My eating habits are becoming silly again, not eating
through the day at all simply because I will fall asleep after anything to eat,
then munching through whatever there is the cupboard, I have tried to stop
drinking in the house, because that doesn’t help. Although I have rarely drank
at home, but if I drink I get the munchies and if I’m in the house well let’s
just say there is a seemingly endless supply of food to get me through my
unhappiness, My family I despair for, as none of this is of their doing and I
will admit I’m not a troublesome troll trawling through the day looking for
trouble, but I don’t think that I’m the nicest person in the world, Again that
could just be my perception! My temper is shortening and the wife always thinks
of me as stubborn! As I have stated many times she has never seen me be
stubborn and I hope that she never will, but it’s a course of action that I
head as a matter of point every time now, that’s not good for our relationship,
a relationship that has it’s bad points on both sides of the fence, but this is
one I should be able to shake, this is something that happened 32 years ago why
should this one random act still have its claws stuck in me like a rejected
lover from an eighties subplot of a crap film.

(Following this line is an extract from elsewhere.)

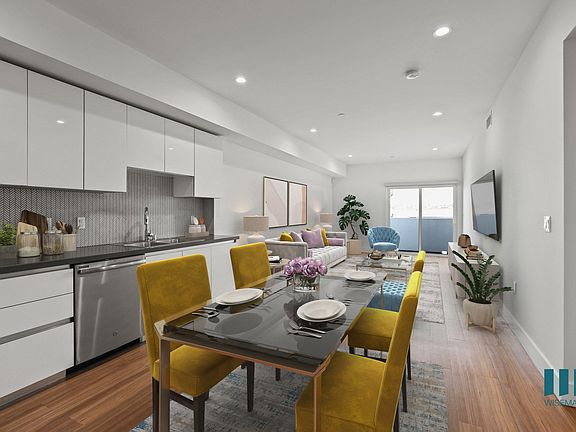 5th image of 518 N Gramercy Pl #Penthouse 5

It’s beating me, I am admitting that here and now, my
reserves are slowly ebbing away and I don’t want to fight the good fight, no that
does not mean that I want to self-harm, I am not suicidal, but I do want the
world to fuck off, and with that I mean the world his uncle his dog and
everything that goes with it, I feel the need to be spiteful, so that I can cut
the mooring ropes from the island that is called friendship, those few
remaining people that are willing to help me bring me from out of the cold (and
they know who they are, but even after reading this they will never comprehend
how much they have helped me over the last five or six years)is there more of
my father in me than I care to own up to (how would I even know I haven’t seen
him in forty one years) is there a desperate need to be alone by myself and to
cover myself in solitude, and the unhappiness that I seem to crave, is that the
one thing that will make me happy?
I don’t even want to contemplate that, I want the wife
and the two kids and my dog (no matter how much I seem to deny it), I want
friendship, I want people who like me just because I’m a regular kind of guy, I
will never be the leader of the pack (I have never wanted to be) I just want to
wake up and like myself. Many times I have written replies to people who talk
to me about my blogs, and I always say as long as I can wake up happy then it’s
a good day to be alive, and I genuinely do feel that way about life, I’m not
too concerned about the general lack of disposable income, as I have said many
times I have never had much and by the looks of things I never will, but as
long as I’m happy when I wake up I consider myself a very lucky man. Add the
poison that has been slowly infecting my waking and un-waking hours, it’s a
miracle that I have managed to get this far! My wife has helped tremendously
and I know it hasn’t been plain sailing; she has helped shore up my defences
simply for being there to talk to me at the right moment, there is a silent
understanding of sorts, I’m not saying that she has a deep understanding of me
and my many issues, but she has stood by me through the bad times and the worse
times, thankfully I can say she has been the cause of most of the good times!
I will continue to monitor the post, to see if anything
new arrives some glimmer of hope, I have tried all of my tricks and I’m a spent
force at the moment that small glimmer of hope has faded like the summer that
was just starting as I asked for a helping hand, autumn races past us like a
formula one car hurtling towards the darkness that is winter and those long
cold months where when I most need the sunlight it’s mainly blotted out by my depressive
nature and my intention of not being allowed to lead a normal life.